For Doctors in a Hurry
- Clinicians lack data on whether virtual visits for new neurology patients provide care equivalent to traditional in-person evaluations.
- The researchers conducted a retrospective cohort study of 16,404 propensity score-matched adult patients across three academic medical centers.
- Neurologic emergency department visits and hospitalizations within 90 days were similar between virtual and in-person groups (p = 0.23).
- The authors concluded that virtual and in-person new patient neurology visits result in comparable downstream health care utilization.
- Virtual neurology visits appear to be a safe, viable option for initial patient evaluation in clinical practice.

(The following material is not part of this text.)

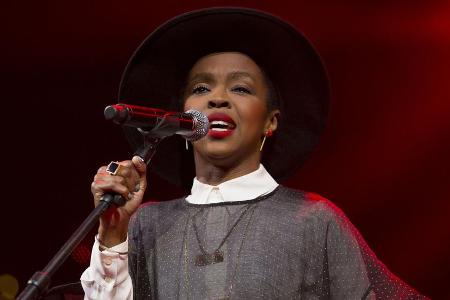 Bezahlt Lauryn Hill etwa ihre Mitarbeiter nicht?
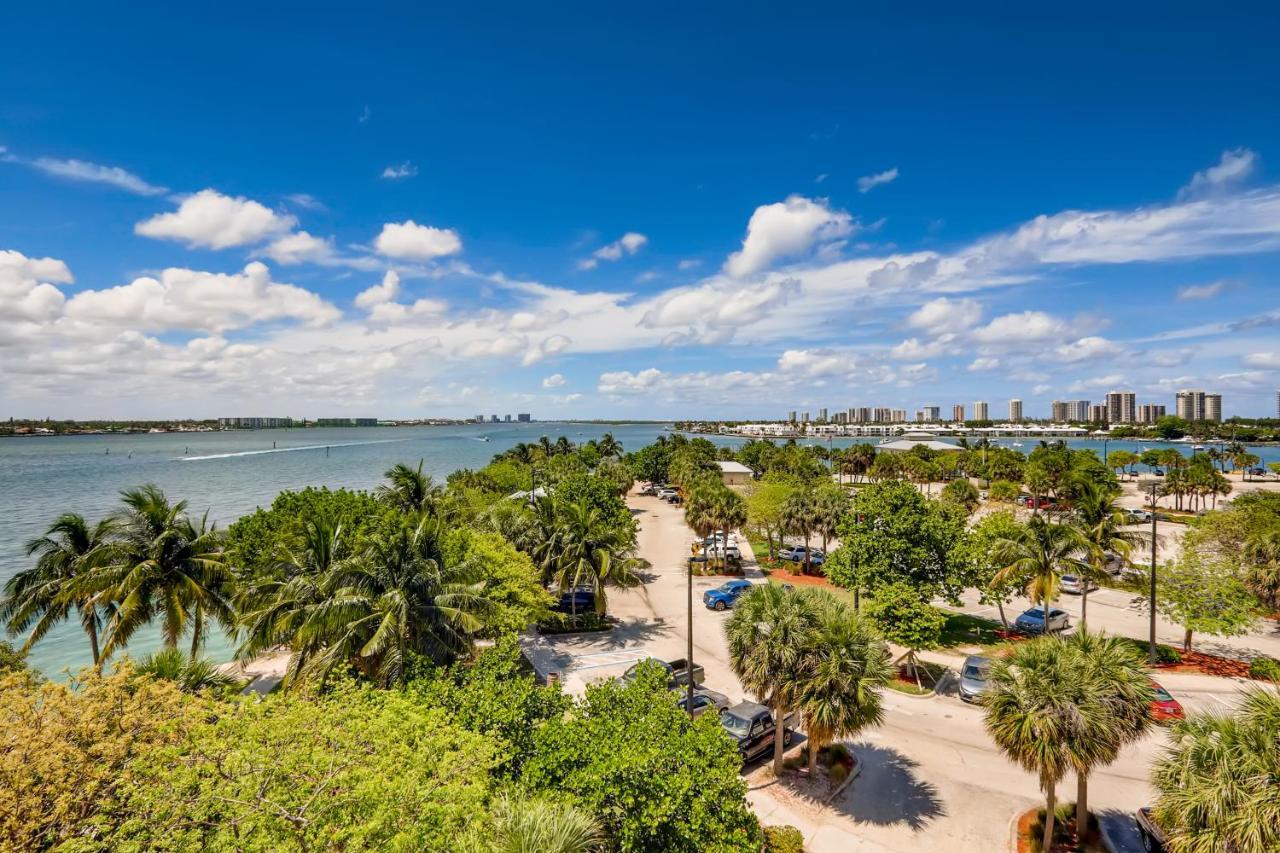 Singer Island Inn Studio/ Walk To The Beach West Palm Beach Exterior foto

The Evolution of Virtual Neurologic Assessment
The rapid integration of telemedicine has transformed outpatient specialty care, shifting from an emergency pandemic response to a permanent fixture in clinical practice [1]. While mobile health applications and remote monitoring tools have expanded the reach of evidence-based medicine, clinicians often face uncertainty regarding which patients are best suited for virtual rather than physical examinations [2, 3]. Previous research suggests that digital interventions can be cost-effective and improve access for patients with chronic conditions, yet the diagnostic reliability of a virtual first encounter remains a point of professional debate [4, 5]. As health systems move toward blended care models, establishing whether remote consultations provide equivalent safety and follow-up outcomes is essential for maintaining standards of care [1]. A new multicenter analysis now provides data on how virtual initial evaluations influence subsequent healthcare utilization across diverse neurologic presentations.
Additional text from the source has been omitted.